#### [Directions for this task]
For the entries below, report every line that includes the word "green".

■ ■ ■ ■ ■

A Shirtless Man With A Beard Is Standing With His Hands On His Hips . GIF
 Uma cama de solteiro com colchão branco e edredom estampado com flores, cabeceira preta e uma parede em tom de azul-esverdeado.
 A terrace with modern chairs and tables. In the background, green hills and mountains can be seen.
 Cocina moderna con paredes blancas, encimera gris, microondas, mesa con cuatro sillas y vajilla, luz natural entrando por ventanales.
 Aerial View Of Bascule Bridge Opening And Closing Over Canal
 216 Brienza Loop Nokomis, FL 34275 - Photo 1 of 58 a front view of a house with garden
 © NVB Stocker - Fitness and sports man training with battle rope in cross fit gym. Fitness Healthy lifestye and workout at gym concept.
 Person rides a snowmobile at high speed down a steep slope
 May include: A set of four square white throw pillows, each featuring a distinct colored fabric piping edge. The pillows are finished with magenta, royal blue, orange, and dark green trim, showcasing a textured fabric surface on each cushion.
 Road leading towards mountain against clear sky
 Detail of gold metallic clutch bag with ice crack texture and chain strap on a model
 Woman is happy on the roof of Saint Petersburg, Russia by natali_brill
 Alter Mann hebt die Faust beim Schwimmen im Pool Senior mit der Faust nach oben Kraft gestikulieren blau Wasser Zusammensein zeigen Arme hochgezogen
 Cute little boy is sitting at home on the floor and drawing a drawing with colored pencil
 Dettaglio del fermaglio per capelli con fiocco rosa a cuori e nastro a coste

■ ■ ■ ■ ■

#### [Result of this task]
 A terrace with modern chairs and tables. In the background, green hills and mountains can be seen.
 May include: A set of four square white throw pillows, each featuring a distinct colored fabric piping edge. The pillows are finished with magenta, royal blue, orange, and dark green trim, showcasing a textured fabric surface on each cushion.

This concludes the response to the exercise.